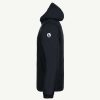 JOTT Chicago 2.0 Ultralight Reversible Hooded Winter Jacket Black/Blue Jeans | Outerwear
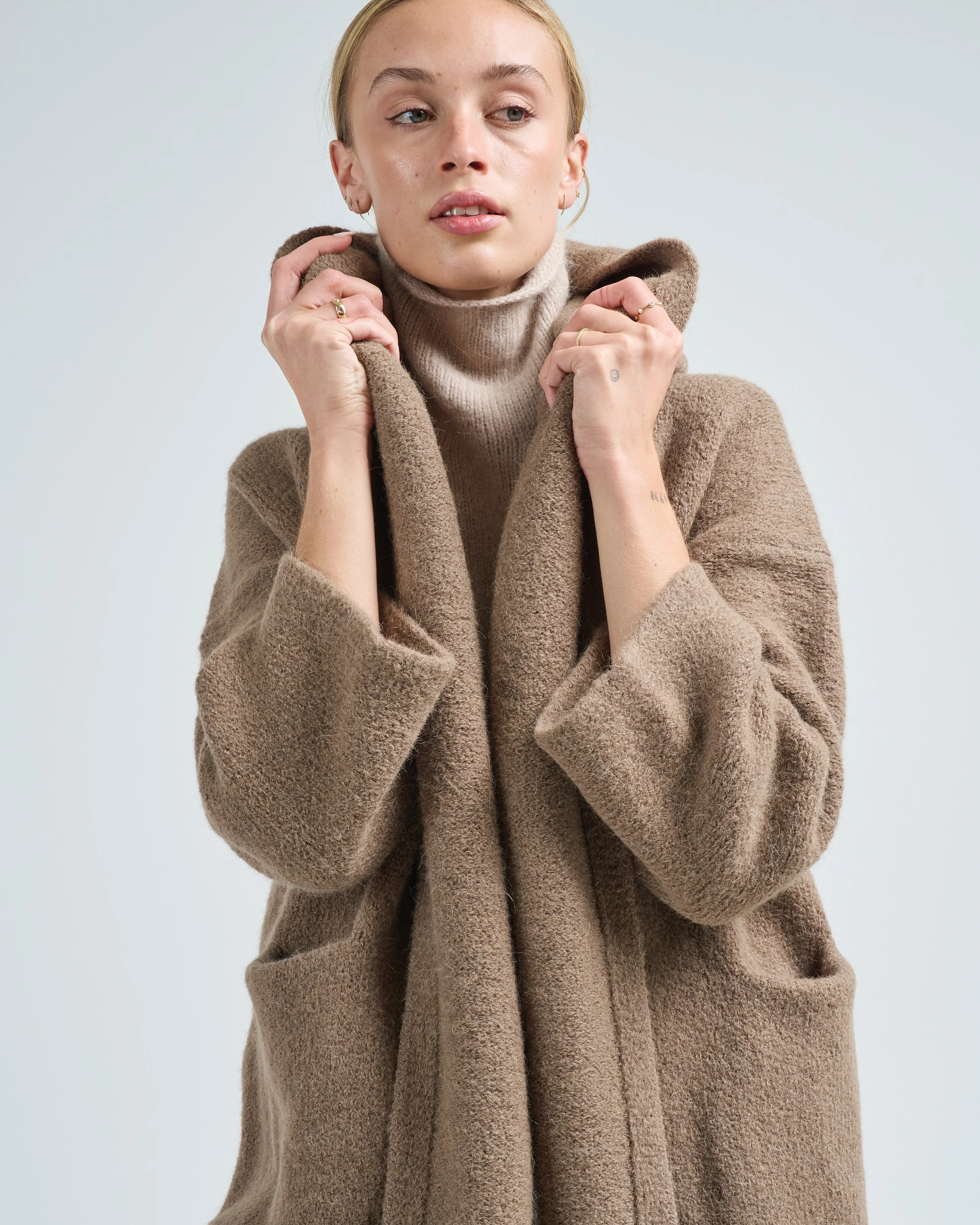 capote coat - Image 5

* * *

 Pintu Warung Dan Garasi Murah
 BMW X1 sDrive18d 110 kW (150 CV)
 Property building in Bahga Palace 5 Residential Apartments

==

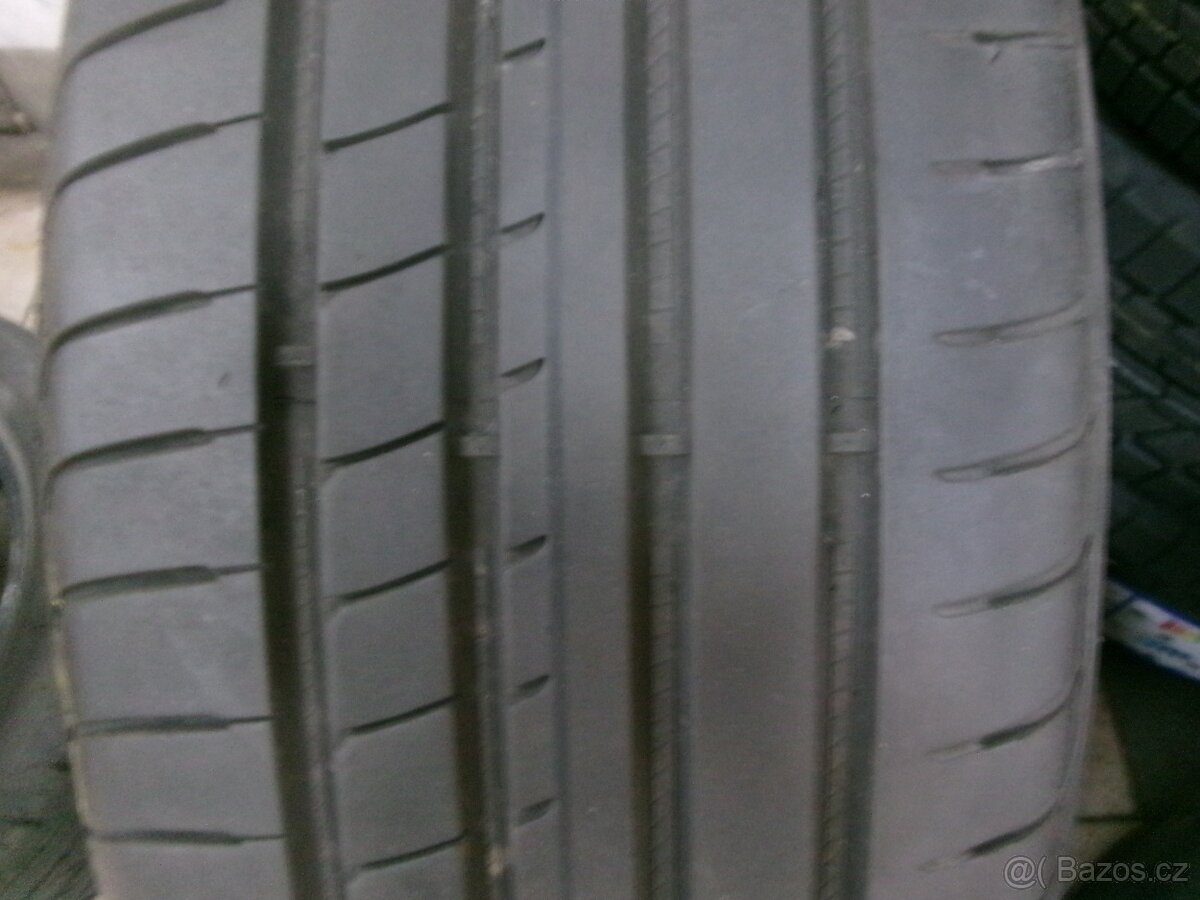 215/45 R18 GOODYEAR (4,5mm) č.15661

• [WHAT THIS TASK INVOLVES]: Each line from the one that contains "JOTT Chicago 2.0" down to the one that contains "capote coat - Image 5" is to be returned exactly as it stands above, both ends included, with pictures removed.

• [COMPLETED EXERCISE]:
 JOTT Chicago 2.0 Ultralight Reversible Hooded Winter Jacket Black/Blue Jeans | Outerwear
 capote coat - Image 5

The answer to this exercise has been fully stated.